В последний раз он явился ко мне с порезанными руками, весь в крови. Прилег на тахте и сразу же уснул. А когда проснулся, вернул мне револьвер и паспорт и ушел.

Его дом пришел в полное запустение. Облетела штукатурка, потрескалась краска. Сад зарос бурьяном. Детей тоже нельзя было узнать — такими они стали грязными, оборванными. И сам Керем исхудал, спал с лица. Его сжигало отчаяние.

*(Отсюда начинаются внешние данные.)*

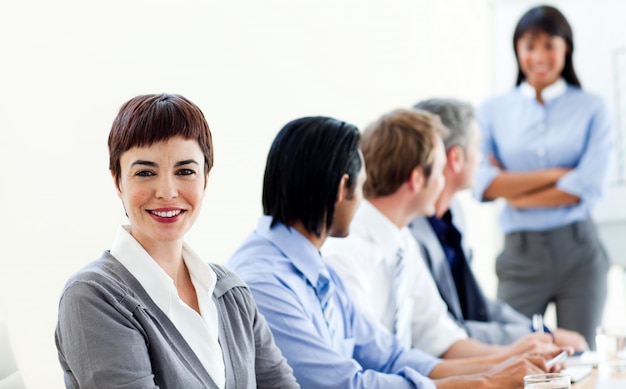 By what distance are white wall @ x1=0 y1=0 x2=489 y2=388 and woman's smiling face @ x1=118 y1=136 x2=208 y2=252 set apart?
0.60 metres

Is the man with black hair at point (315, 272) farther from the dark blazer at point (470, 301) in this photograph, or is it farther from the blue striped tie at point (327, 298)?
the dark blazer at point (470, 301)

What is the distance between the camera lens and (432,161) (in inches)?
118

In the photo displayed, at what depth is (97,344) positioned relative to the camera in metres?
1.43

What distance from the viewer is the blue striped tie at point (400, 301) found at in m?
2.80


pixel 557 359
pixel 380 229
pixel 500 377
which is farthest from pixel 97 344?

Каждую ночь ему снилась Нериман. И наяву он видел ее перед собой, ее лицо, глаза. Он никак не мог забыть жар ее тела. Только бы еще разок взглянуть на нее! Только бы подержать ее за руку! Их последний ребенок очень походил на мать. И Керем буквально не сводил с него глаз.

Как-то он зашел ко мне и забрал все, что отдал на хранение, включая заветную тетрадь.

Долгое время после этого Керем не появлялся на людях. Не заходил в кофейню. И рыжая девушка тоже не спускалась к морю. Первым подметил это Хасан, парень он сметливый и наблюдательный.

Дети Керема вновь ходили опрятно одетые. Дом сверкал свежей краской и был, казалось, еще красивее, чем прежде. Аромат цветов в саду, как и некогда, затоплял весь махалле. Каждое утро рыжая девушка тщательно поливала их. Керем занялся рыбной ловлей. В его лице снова заиграли краски. Обвисшие было усы затопорщились.